DALPHIN: A multicentric open benchmark for digital pathology AI copilots

Lems, Carlijn M.; Moonemans, Sander; Klubíčková, Natálie; Brattoli, Biagio; Lee, Taebum; Kim, Seokhwi; Vilaplana, Veronica; Fernandez, Pedro Luis; Pons, Laura; Hochman, Sapir; Suárez-Franck, Mauricio Eduardo; Laurinavicius, Arvydas; Drachneris, Julius; Augulis, Renaldas; Petroska, Donatas; Montezuma, Diana; Oliveira, Domingos; Vos, Shoko; Balkenhol, Maschenka; van Ipenburg, Jolique; Vos, Anne-Marie; van Midden, Dominique; Bouwmeester, Anouk; van der Laak, Jeroen; Khalili, Nadieh; Meeuwsen, Frederique; Ciompi, Francesco

doi:10.5281/zenodo.18609450

Published May 6, 2026 | Version v1

Dataset Open

DALPHIN: A multicentric open benchmark for digital pathology AI copilots

1. Radboud University Medical Center
2. Biopticka Laborator (Czechia)
3. Charles University
4. Lunit
5. Ajou University School of Medicine
6. Technical University of Catalonia
7. Universitat Autònoma de Barcelona
8. Hospital Universitari Germans Trias i Pujol
9. Vilnius University Hospital Santariskiu Klinikos
10. Vilnius University
11. NATIONAL CENTRE OF PATHOLOGY, Affiliate of Vilnius University Hospital Santariskiu Klinikos
12. IMP Diagnostics (Portugal)
13. Canisius-Wilhelmina Ziekenhuis
14. Linköping University

The digital pathology AI copilot benchmark (DALPHIN) dataset is a multicentric, open benchmark for evaluating AI copilots in digital pathology.
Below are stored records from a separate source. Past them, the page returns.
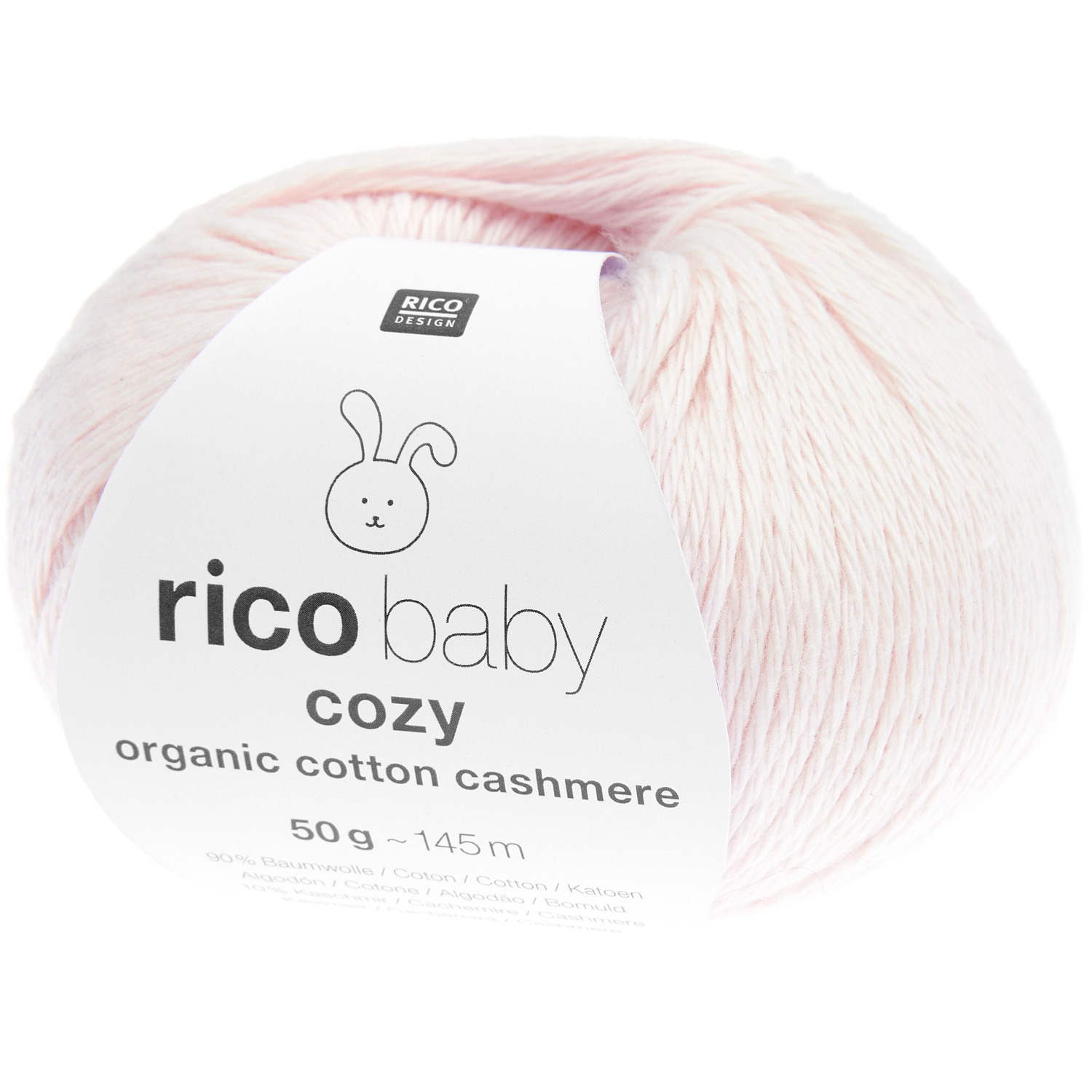 Baby Cozy Cotton Cashmere Baby Cozy Cotton Cashmere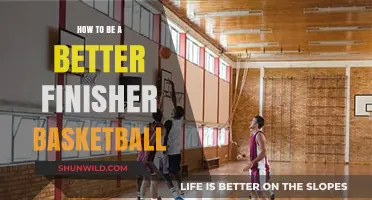Mastering the Art of Finishing in Basketball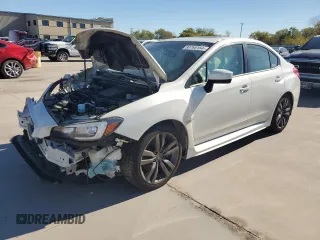 2016 Subaru WRX Limited with VIN JF1VA1J65G8828641, listed as a Copart auction lot 80766164 with 75,119 mi miles and Salvage Title. Bid and sale history available at carsss.com. Image 1.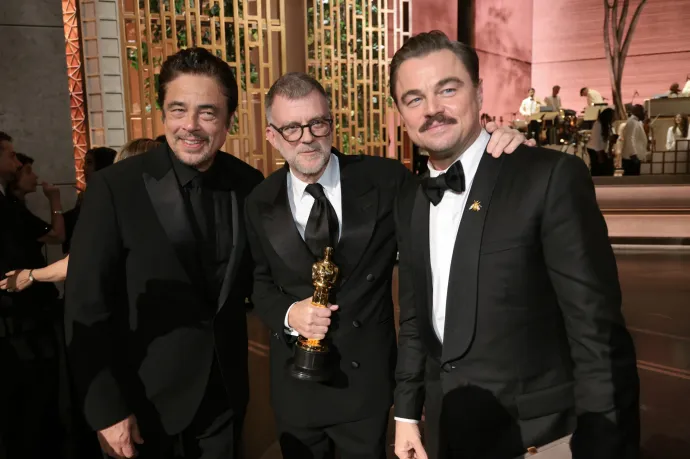 Két MI egész jól tippelt az idei Oscar-díjakra, de kettő mintha teljesen másik moziban ült volna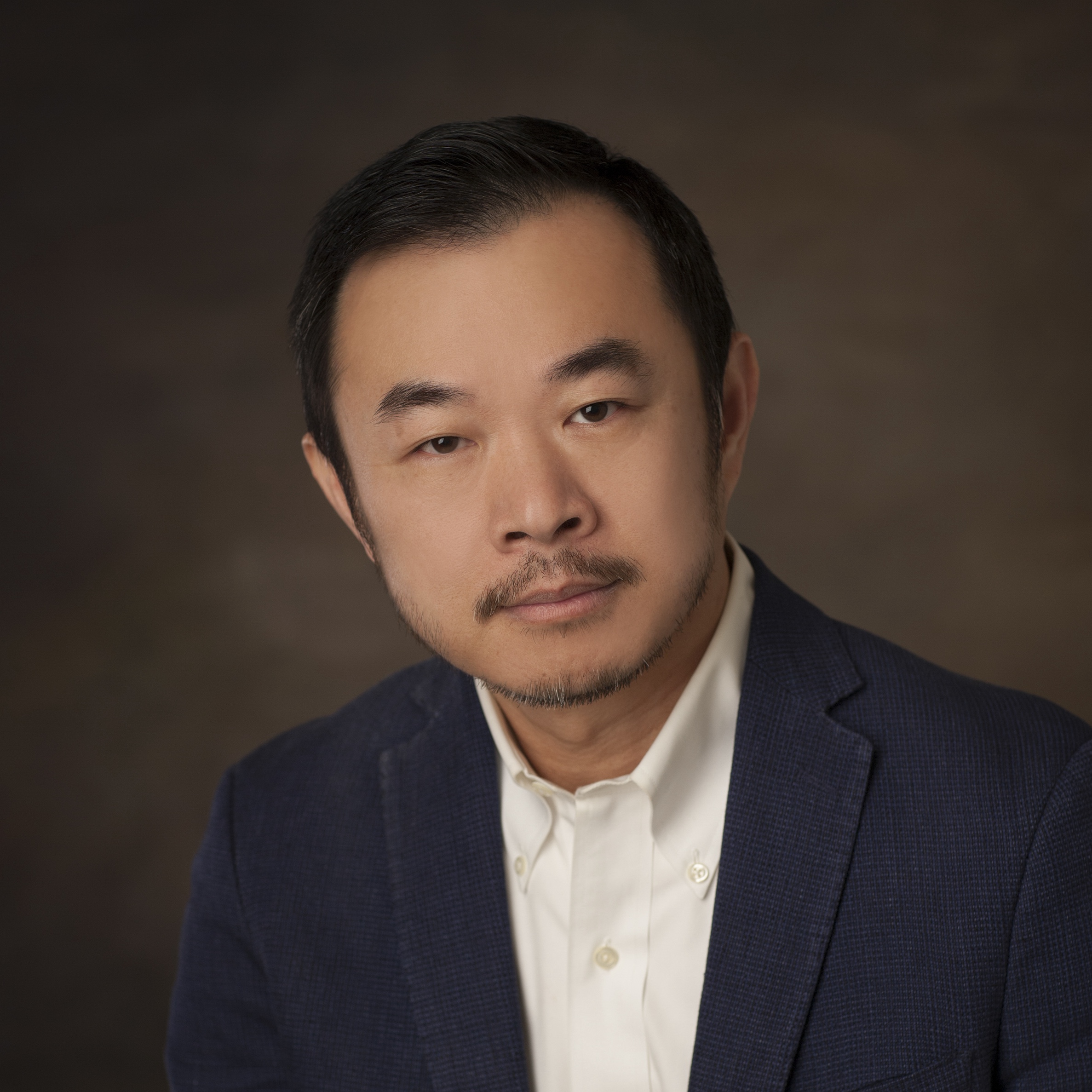 Eric Xing headshot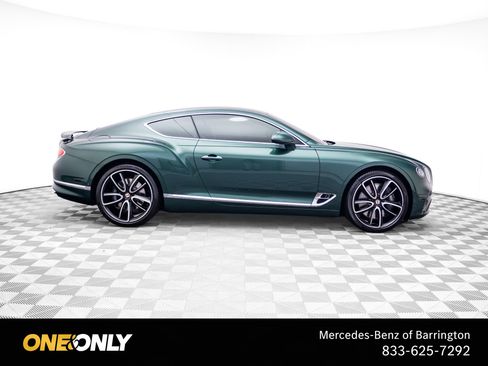 Used 2020 Bentley Continental GT AWD/4WD image 6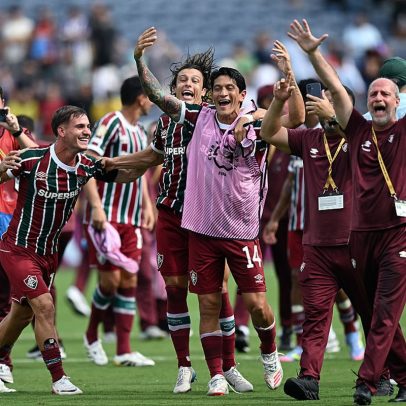 Fluminense tem folha salarial quase 10 vezes menor que a do Chelsea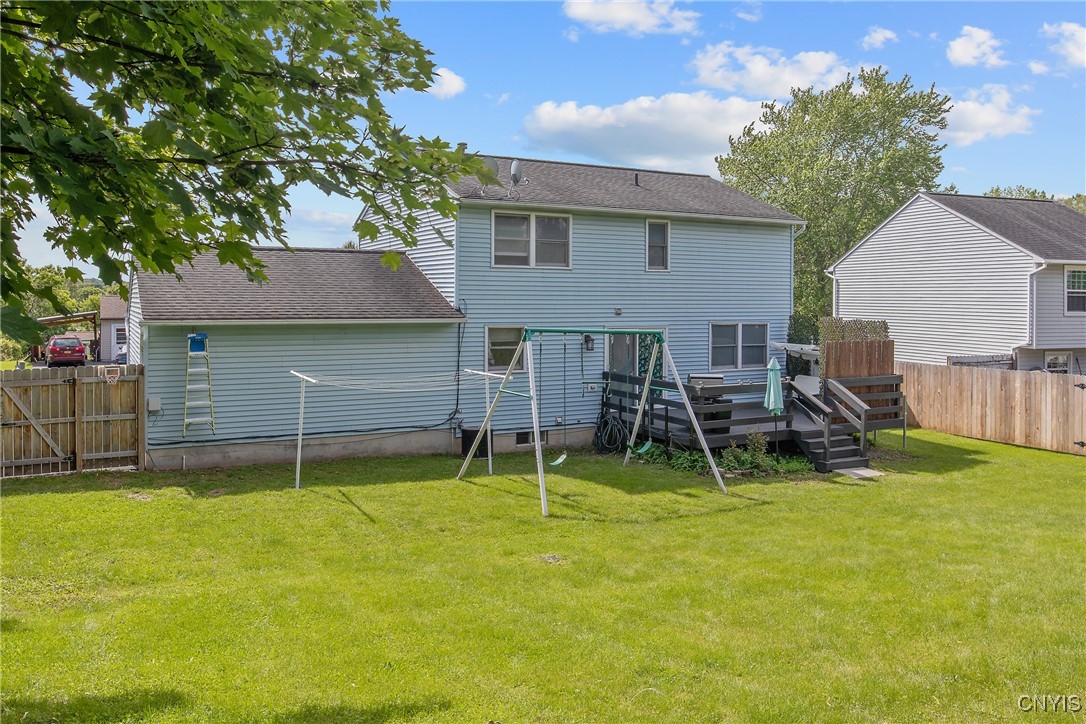 309 Hornady Drive, Camillus, New York image 38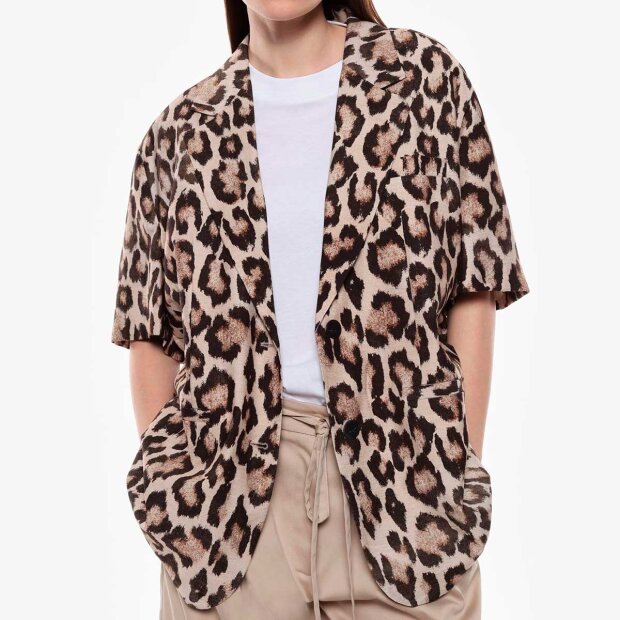 IMPERIAL - BLAZER | BEIGE/NERO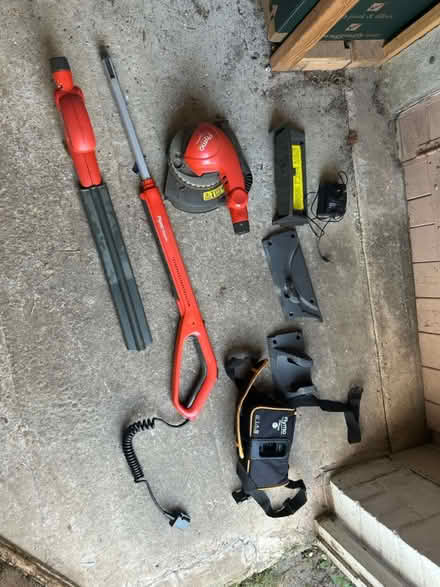 Photo of free Flymo cordless garden tool (Copdock IP8) #1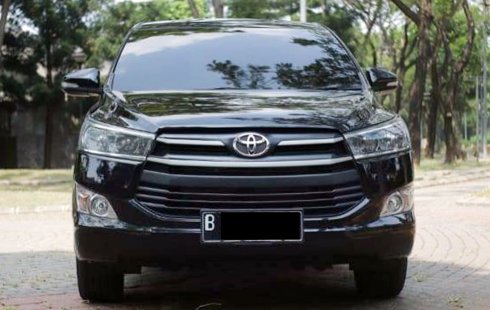 Toyota Kijang Innova G A/T Diesel 2017 DP Minim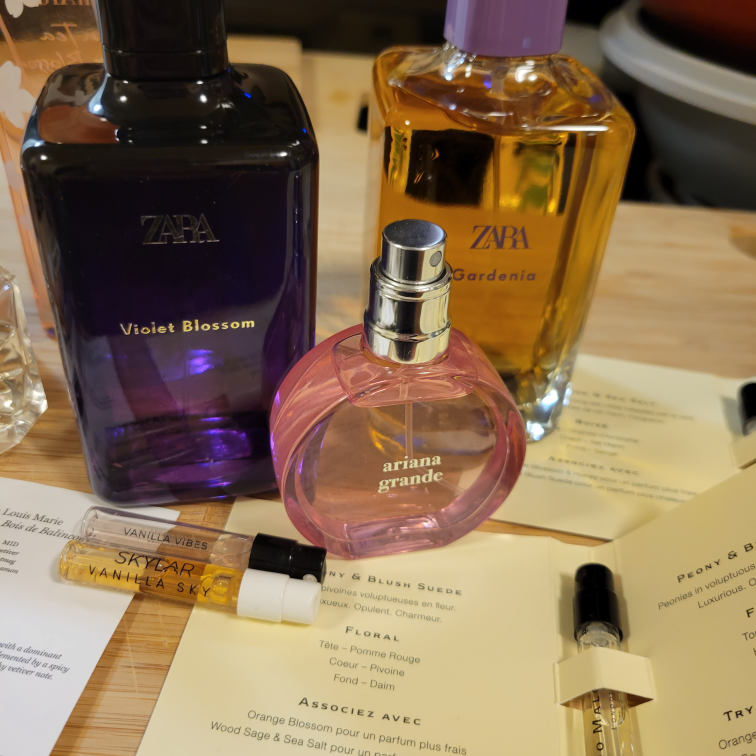 Fragrance lot image indicator(2)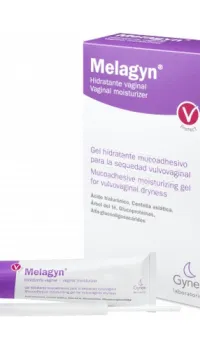 Melagyn Hidratante Vaginal de Gynea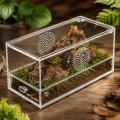 Террариум акриловый Repti-Zoo Easy Clean Acrylic ACR47 20×10×10 см для насекомых, пауков Террариум акриловый Repti-Zoo Easy Clean Acrylic ACR47 20×10×10 см для насекомых, пауков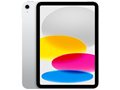 iPad 10.9インチ（第10世代/2022） Wi-Fi 256GB シルバー /MPQ83J/A 各サイトで併売につき売切れのさいはご容赦願います。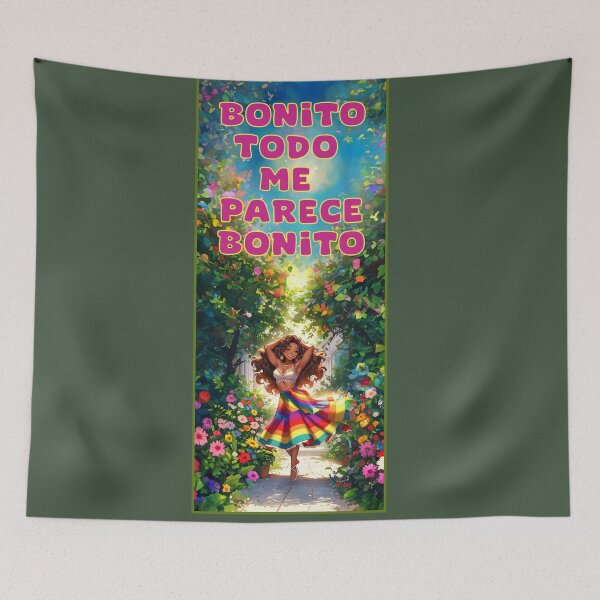 Item preview, BEAUTIFUL EVERYTHING SEEMS BEAUTIFUL TO ME designed and sold by La Loca.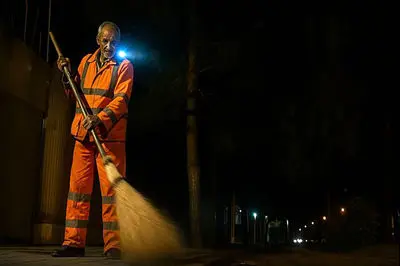 فعالیت پاکبانان تهران در شب ممنوع شد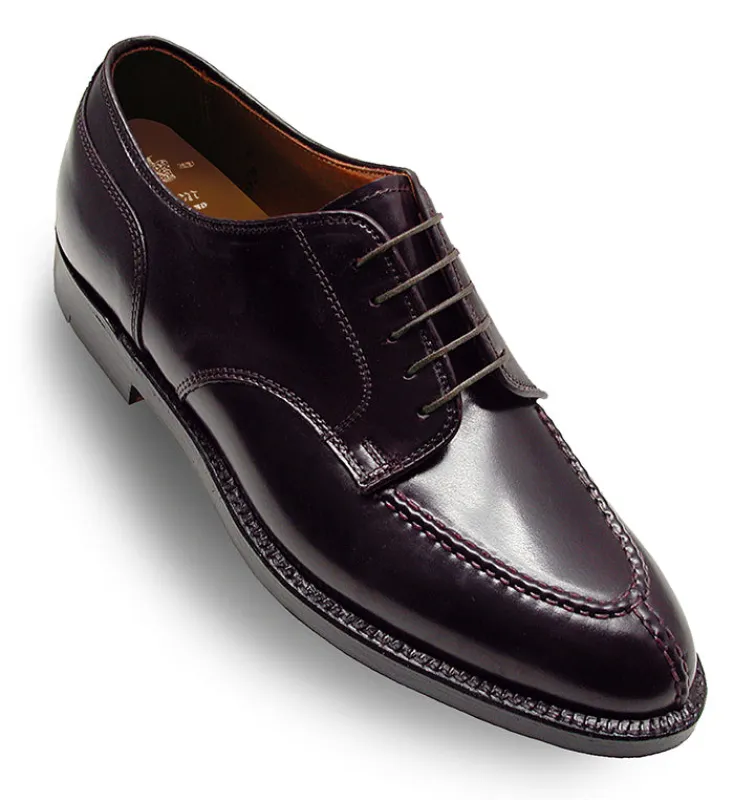 2210 Norwegian Front Blucher (Color 8 Cordovan) sold by Alden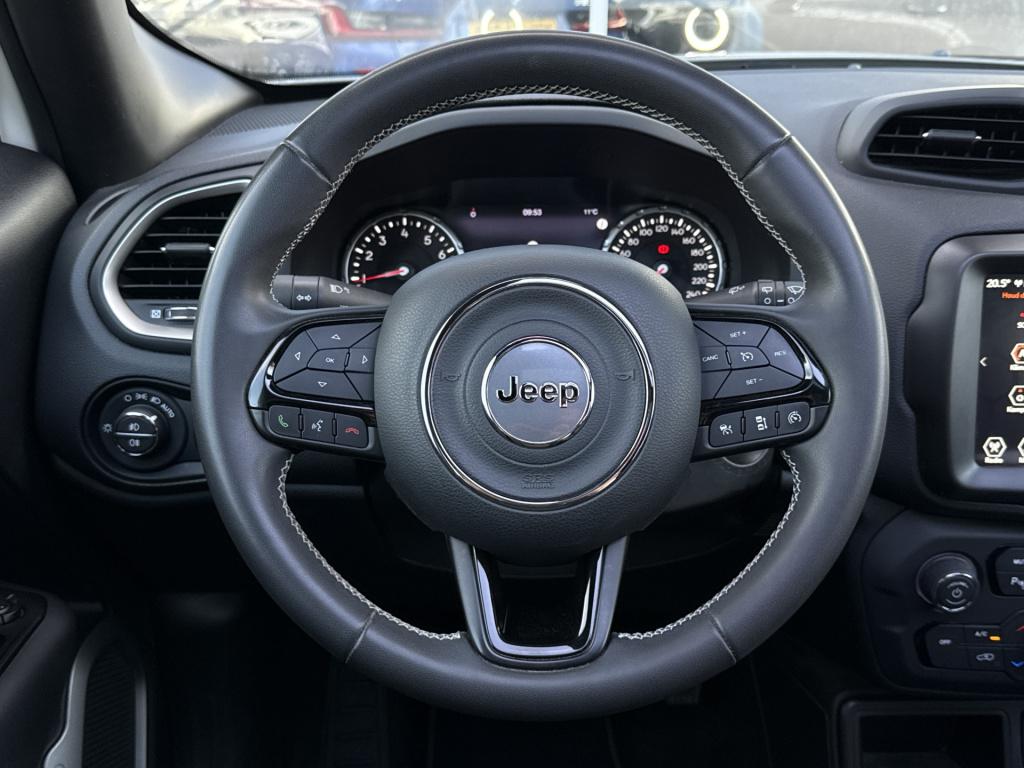 Jeep Renegade 1.0t 80th anniversary | nl-auto | 1e eig | pano | adapt. crui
DALPHIN consists of 300 cases collected across six healthcare institutions in six countries, covering 130 diagnoses from 14 pathology subspecialties, including non-neoplastic entities and rare cancers.

The benchmark includes 1,236 histopathology images (low-resolution whole-slide images and higher-resolution regions of interest) and 1,757 questions across six tasks: tissue/organ recognition, neoplastic status, neoplastic behavior (benign, malignant, in situ, or uncertain), diagnosis, and case-specific multiple-choice and free-response questions.

The images and questions are publicly available via this Zenodo record. Example code to run models on the benchmark and generate responses is provided in the associated GitHub repository. The reference answers are not publicly released but are sequestered and indirectly accessible on the Grand Challenge platform, where submissions are evaluated and ranked on public leaderboards to ensure fair and reproducible evaluation of pathology AI copilots.

Technical info

Repository content

This repository contains one ZIP file and one CSV file:

'images.zip' - images for the benchmark, including low-resolution overviews of whole-slide images (WSIs) and higher-resolution regions of interest (ROIs), all provided in PNG format.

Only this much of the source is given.